Eğer bir kişi aniden 20 km boyunda olsaydı, teorik olarak eğriliği geniş bir alanda görmeye başlayabilirdi; ancak bu hala Dünya’nın yarıçapının yüzde 1’inden daha az.
Akademisyen, “Dünya yarıçapının yüzde 5’i yukarıda olmak istiyorsanız, yaklaşık 200 mil (320 km) boyunda bir kişiden bahsediyoruz” diye ekledi.
‘Bunu 0,6 cm veya bir karıncanın iki katı yüksekliğindeki basketbol topuyla karşılaştırdığınızda, bunu biraz daha net göreceksiniz.
‘Gerçi elbette havanın incelmesi nedeniyle uçaklar bu kadar yükseğe uçamıyor.’

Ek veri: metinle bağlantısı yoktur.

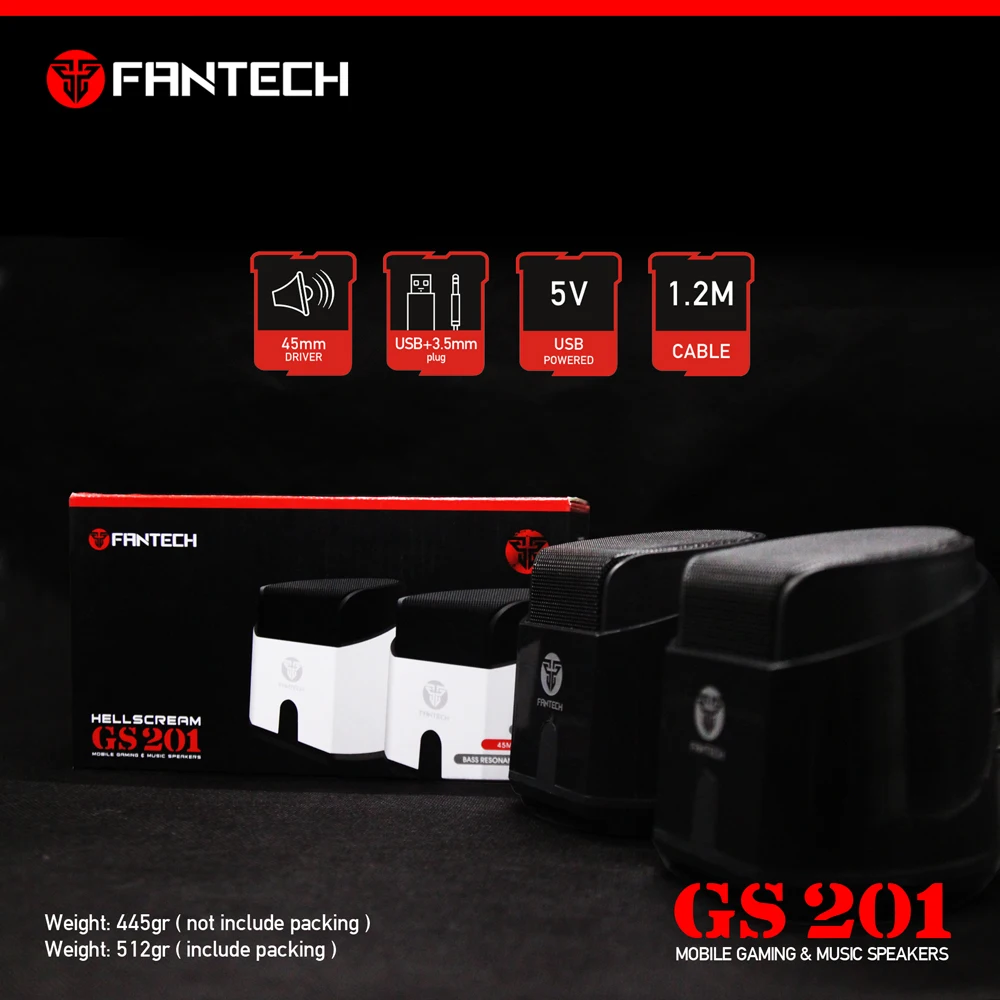 speaker fantech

İnsanlık, gezegenimizin gerçek şeklini ilk kez 2000 yıldan fazla bir süre önce anladı; ancak büyüyen Düz Dünya topluluğunun sorumlusu büyük ölçüde internete bağlanabilir.
Yunan filozof Pisagor, Dünya’nın MÖ 500 civarında yuvarlak olduğunu öne sürdü, ancak Aristoteles, Dünya’nın küre olduğunu ilan etmesi MÖ 350 civarındaydı.
Bu, ekvatordan uzaklaştıkça gökyüzünde hangi takımyıldızları görebileceğiniz konusunda Aristoteles’in yaptığı gözlemlere dayanıyordu.
NASA’nın Goddard Uzay Uçuş Merkezi’nden baş bilim adamı Dr. James Garvin, “Bu, yıldızların hareketlerinden ve güneşin hareket şeklinden görebilen Yunanlılar ve Mısırlılar için sihirli bir keşifti” dedi.
‘Bu bilgiyi aldılar ve bu bilgi Dünyamızı gemilerle keşfeden büyük denizcilerin zamanına kadar uzandı.’
20. ve 21. yüzyıllara hızla ilerlersek, insanlar Dünya’nın baş döndürücü eğriliğine kendi gözleriyle tanık oldular.
Dr Garvin, “Uzay çağının başlangıcında, 50’li ve 60’lı yılların sonlarında, güzel evimizin küre olarak bilinen muhteşem yuvarlak bir nesne olduğunu kendi gözümüzle görebildik” dedi.
‘Ve bu gerçekten çok özeldi; kendimizi güneş sistemimiz ve evrenimiz bağlamına yerleştirdi.’
Artık uzay uçuşu daha da önemli Blue Origin gibi uzay turizmi şirketleri sayesinde her zamankinden daha erişilebilir.
Ve bir uzay yolculuğu şu anda kişi başına yüzbinlerce pounda mal olsa da, endüstri olgunlaştıkça fiyat düşebilir.
Belki 2030’lara gelindiğinde, Big Brother’dan Marcus ve Elsa gibi Düz Dünyacılar, gerçekten yanıldıklarını görmek için kendileri de uzaya bir gezi yapabilecekler.